“Faust” (post 2) by Goethe (post 4): Faust sees an alternate personality when he looks in a mirror, reflecting multiple personality trait in the author
Mirrors are a recurring subject in this blog, because it is known that persons with multiple personality may occasionally see one of their alternate personalities when they look in a mirror.
In fiction, this may be explained away by saying it is a “magic mirror.” But it would have made more sense for fiction to have had magical windows.
“FAUST. Who meanwhile has been standing in front of a mirror, going forward to peer into it from up close and then stepping back.
What do I see? What a marvelous vision
Shows itself in this magic glass!
Love, lend me your wings, your swiftest to pass
Through the air to the heaven she must dwell in!
Unless I stay firmly fixed to this spot,
If I dare to move nearer the least bit,
Mist blurs the vision and obscures her quite.
Woman unrivaled, beauty absolute!
Can such things be, a creature made perfectly?
The body so indolently stretched out there
Surely epitomizes all that is heavenly.
Can such a marvel inhabit down here?” (1, lines 2477-2490).
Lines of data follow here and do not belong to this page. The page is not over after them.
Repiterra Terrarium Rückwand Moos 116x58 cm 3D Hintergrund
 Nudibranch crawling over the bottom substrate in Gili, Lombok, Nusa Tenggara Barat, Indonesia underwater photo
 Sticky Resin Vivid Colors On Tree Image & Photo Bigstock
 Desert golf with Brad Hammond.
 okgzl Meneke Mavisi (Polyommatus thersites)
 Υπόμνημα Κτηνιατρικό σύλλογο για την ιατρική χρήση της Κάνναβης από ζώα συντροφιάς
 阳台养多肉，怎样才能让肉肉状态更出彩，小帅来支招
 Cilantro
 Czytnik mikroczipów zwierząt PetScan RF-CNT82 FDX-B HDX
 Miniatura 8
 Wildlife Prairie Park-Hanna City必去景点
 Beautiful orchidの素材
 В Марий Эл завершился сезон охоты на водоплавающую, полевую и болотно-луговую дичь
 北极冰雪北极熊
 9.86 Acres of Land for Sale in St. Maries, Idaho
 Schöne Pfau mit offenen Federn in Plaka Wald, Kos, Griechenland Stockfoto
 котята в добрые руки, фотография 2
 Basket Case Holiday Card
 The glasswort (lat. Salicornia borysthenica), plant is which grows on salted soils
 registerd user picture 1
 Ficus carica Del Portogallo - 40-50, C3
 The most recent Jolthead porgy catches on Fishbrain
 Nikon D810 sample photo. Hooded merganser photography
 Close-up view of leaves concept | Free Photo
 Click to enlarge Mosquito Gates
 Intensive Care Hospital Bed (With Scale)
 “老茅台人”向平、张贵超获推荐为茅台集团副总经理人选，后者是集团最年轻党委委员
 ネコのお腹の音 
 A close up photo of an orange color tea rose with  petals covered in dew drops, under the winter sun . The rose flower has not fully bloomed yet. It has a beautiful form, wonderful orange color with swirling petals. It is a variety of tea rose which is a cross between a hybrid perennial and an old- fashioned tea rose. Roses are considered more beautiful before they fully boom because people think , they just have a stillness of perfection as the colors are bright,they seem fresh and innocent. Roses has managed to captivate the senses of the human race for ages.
A magical mirror in fiction may reflect multiple personality trait in the writer. In the above example, it is not a problem that the alternate personality would be of a different sex and age than the character or writer, since alternate personalities are often of a different sex and age than the host personality.
1. Johann Wolfgang von Goethe. Faust: A Tragedy, Parts One [1806/1829] & Two [1831], Fully Revised. Translated from the German by Martin Greenberg. New Haven, Yale University Press, 2014.